He wasn't indirectly praising socialism, of course, which was the convention boogeyman. Speakers were universally pro-corporate and pro-rich (a/k/a "the job creators"). The 2012 draft party platform paranoiacally equates "the socialist agenda" with "progressivism."

"God bless you, God bless the state of Maine, and God bless America," said state Senate president Kevin Raye, Richardson's opponent, as he closed his speech. Others closed their speeches similarly. God was omnipresent. A Ron Paul supporter, a new Republican whose father was a Jew, told me he winced when the clergyman giving the invocation Saturday invoked not just God but also Jesus.

The convention's capture by a tribe of marijuana-legalizing, rural, Ron Paul libertarians indicates some GOP diversity — if these folks integrate (or are allowed to integrate) into the party. But the convention provided little other evidence the party was becoming inclusive.

It is vehemently Christian. "Protect the American legal system from Sharia law," exclaimed the draft 2012 state platform. A big threat to America, Sharia law. The platform actually (re)adopted at this convention, though, was the even-farther-out, 2010 Tea Party platform, with its pro-Austrian Economics, anti-UN, no-freedom-from-religion planks.
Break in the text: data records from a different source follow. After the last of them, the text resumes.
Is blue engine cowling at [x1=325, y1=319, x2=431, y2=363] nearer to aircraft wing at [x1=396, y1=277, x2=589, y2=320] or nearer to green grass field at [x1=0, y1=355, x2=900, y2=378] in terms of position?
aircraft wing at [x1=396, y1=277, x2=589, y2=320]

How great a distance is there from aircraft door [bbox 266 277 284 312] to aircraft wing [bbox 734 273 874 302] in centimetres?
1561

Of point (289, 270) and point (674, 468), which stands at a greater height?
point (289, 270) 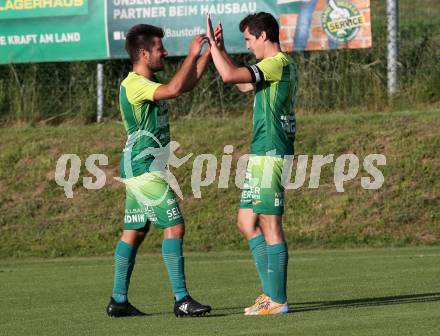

The anti-immigrant theme was common in the speechifying. Even with the Ron Paul people added in, the party seemed whiter, older, more male than ever — as national polls suggest. When Governor Paul LePage nastily denounced welfare recipients, everybody stood up and gave him a huge ovation. I looked around for the lynching party.

A convention theme was "It's time to take our country back." Mitt Romney's slogan is "Believe in America." The message is: Obama, progressives, liberals, Democrats, people not like us — they're not American.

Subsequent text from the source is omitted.